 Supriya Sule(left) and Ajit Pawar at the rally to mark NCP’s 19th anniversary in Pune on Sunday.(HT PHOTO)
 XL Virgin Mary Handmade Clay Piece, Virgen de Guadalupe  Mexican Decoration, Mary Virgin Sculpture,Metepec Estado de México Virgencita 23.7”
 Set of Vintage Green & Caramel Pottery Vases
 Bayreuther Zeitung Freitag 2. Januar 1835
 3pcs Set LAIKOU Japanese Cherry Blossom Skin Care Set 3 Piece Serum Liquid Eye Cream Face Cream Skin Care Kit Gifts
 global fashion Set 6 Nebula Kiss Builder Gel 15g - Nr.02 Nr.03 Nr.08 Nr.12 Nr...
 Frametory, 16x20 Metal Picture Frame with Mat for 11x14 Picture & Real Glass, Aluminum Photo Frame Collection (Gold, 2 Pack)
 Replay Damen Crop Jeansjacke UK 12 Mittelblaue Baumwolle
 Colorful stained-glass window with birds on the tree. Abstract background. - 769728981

### What you need to do:
Each line above that has the word "Piece" should be copied.

### Response area:
 XL Virgin Mary Handmade Clay Piece, Virgen de Guadalupe  Mexican Decoration, Mary Virgin Sculpture,Metepec Estado de México Virgencita 23.7”
 3pcs Set LAIKOU Japanese Cherry Blossom Skin Care Set 3 Piece Serum Liquid Eye Cream Face Cream Skin Care Kit Gifts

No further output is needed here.